Am 7. Juni fanden in Armenien Parlamentswahlen statt, die für die demokratische und europäische Zukunft des Landes sowie für den Frieden in der Region von entscheidender Bedeutung sind.
Der einstige Held der „Samtenen Revolution” von 2018, Premierminister Nikol Paschinyan, hatte in den vergangenen Jahren viel politisches Kapital verspielt. Dennoch ging er selbstbewusst in den Wahlkampf und errang eine Mehrheit. Den Einzug ins Parlament schafften zwei oppositionelle Bündnisse, die von den altbekannten, finanziell potenten Eliten der Zeit vor der „Samtenen Revolution“ dominiert werden. Mit dem armenisch-russischen Oligarchen Samvel Karapetyan, der vom Kreml öffentlich unterstützt wird, hatte sich ein neuer, einflussreicher Akteur in ihren Reihen etabliert. Die Agenda dieser Opposition zielt darauf ab, eine EU-Integration Armeniens zu verhindern und Russland wieder zum unersetzlichen Bündnispartner Nr. 1 zu machen.
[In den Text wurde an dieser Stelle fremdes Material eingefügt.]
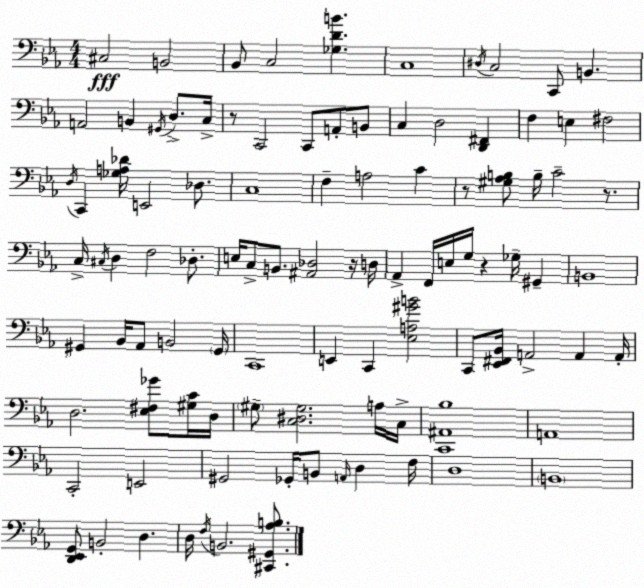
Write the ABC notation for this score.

X:1
T:Untitled
M:4/4
L:1/4
K:Eb
^C,2 B,,2 _B,,/2 C,2 [_G,DB] C,4 ^D,/4 C,2 C,,/2 B,, A,,2 B,, ^G,,/4 D,/2 C,/4 z/2 C,,2 C,,/2 A,,/2 B,,/2 C, D,2 [D,,^F,,] F, E, ^F,2 D,/4 C,, [_G,A,_D]/4 E,,2 _D,/2 C,4 F, A,2 C z/2 [^G,_A,B,]/2 B,/4 C2 z/2 C,/4 ^C,/4 D, F,2 _D,/2 E,/4 C,/2 B,,/2 [^A,,_D,]2 z/4 D,/4 _A,, F,,/4 E,/4 G,/4 z _G,/4 ^G,, B,,4 ^G,, _B,,/4 _A,,/2 B,,2 ^G,,/4 C,,4 E,, C,, [_E,A,^GB]2 C,,/2 [_E,,^F,,_B,,]/4 A,,2 A,, A,,/4 D,2 [_E,^F,_G]/2 [^G,C]/4 D,/4 ^G,/2 [C,^D,^G,]2 A,/4 C,/4 [C,,^A,,_B,]4 A,,4 C,,2 E,,2 ^G,,2 _G,,/4 B,,/2 A,,/4 D, F,/4 D,4 B,,4 [D,,_E,,G,,]/2 B,,2 D, D,/4 F,/4 B,,2 [^C,,^G,,_A,B,]/2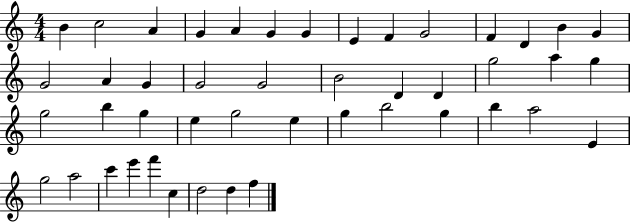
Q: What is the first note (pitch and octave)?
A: B4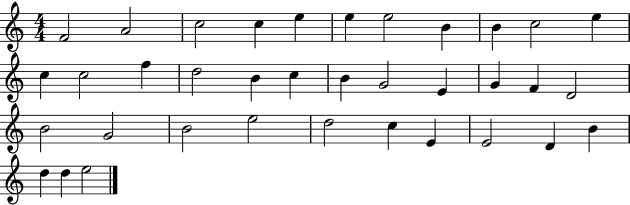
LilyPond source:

{
  \clef treble
  \numericTimeSignature
  \time 4/4
  \key c \major
  f'2 a'2 | c''2 c''4 e''4 | e''4 e''2 b'4 | b'4 c''2 e''4 | \break c''4 c''2 f''4 | d''2 b'4 c''4 | b'4 g'2 e'4 | g'4 f'4 d'2 | \break b'2 g'2 | b'2 e''2 | d''2 c''4 e'4 | e'2 d'4 b'4 | \break d''4 d''4 e''2 | \bar "|."
}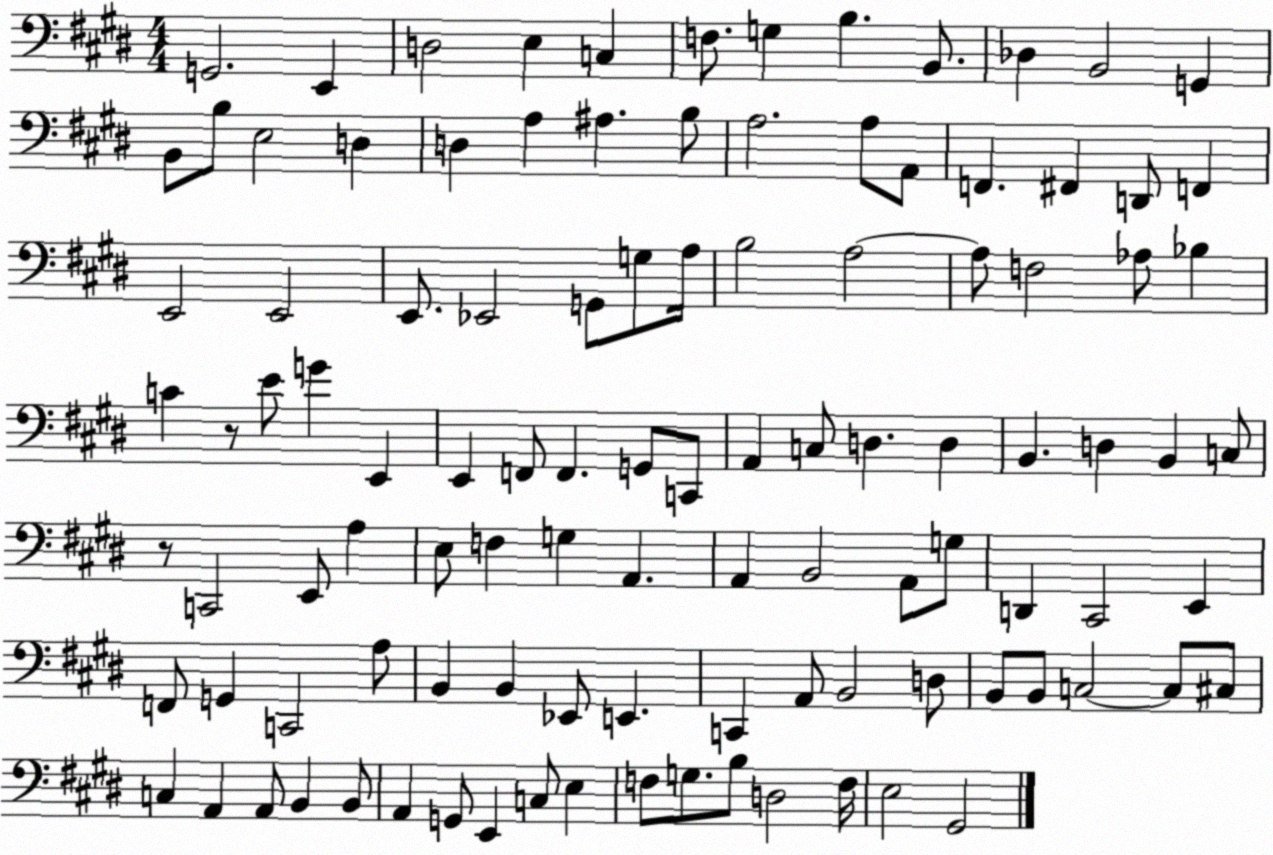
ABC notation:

X:1
T:Untitled
M:4/4
L:1/4
K:E
G,,2 E,, D,2 E, C, F,/2 G, B, B,,/2 _D, B,,2 G,, B,,/2 B,/2 E,2 D, D, A, ^A, B,/2 A,2 A,/2 A,,/2 F,, ^F,, D,,/2 F,, E,,2 E,,2 E,,/2 _E,,2 G,,/2 G,/2 A,/4 B,2 A,2 A,/2 F,2 _A,/2 _B, C z/2 E/2 G E,, E,, F,,/2 F,, G,,/2 C,,/2 A,, C,/2 D, D, B,, D, B,, C,/2 z/2 C,,2 E,,/2 A, E,/2 F, G, A,, A,, B,,2 A,,/2 G,/2 D,, ^C,,2 E,, F,,/2 G,, C,,2 A,/2 B,, B,, _E,,/2 E,, C,, A,,/2 B,,2 D,/2 B,,/2 B,,/2 C,2 C,/2 ^C,/2 C, A,, A,,/2 B,, B,,/2 A,, G,,/2 E,, C,/2 E, F,/2 G,/2 B,/2 D,2 F,/4 E,2 ^G,,2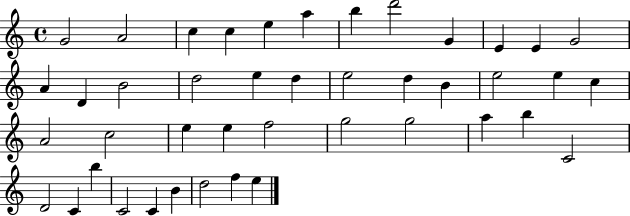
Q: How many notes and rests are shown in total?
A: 43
Die Normalisierung der Beziehungen zu Aserbaidschan und der Türkei, die Neuausrichtung der armenischen Politik gegenüber Russland sowie die Integration in die EU standen weit oben auf Paschinyans Wahlagenda. Das Gipfeltreffen der Europäischen Politischen Gemeinschaft und der erste EU-Armenien-Gipfel Anfang Mai in Jerewan unterstrichen diesen Kurs mit Nachdruck. Innenpolitisch konnte der Premierminister mit großen Infrastrukturprojekten, der Verbesserung der sozioökonomischen Lage und der Erneuerung der Armee punkten. Sehr umstritten waren seine eigene polarisierende politische Kommunikation und die von ihm angestoßene Debatte über eine neue armenische Identität und über die Notwendigkeit, das Kapitel der Karabach-Bewegung zu schließen.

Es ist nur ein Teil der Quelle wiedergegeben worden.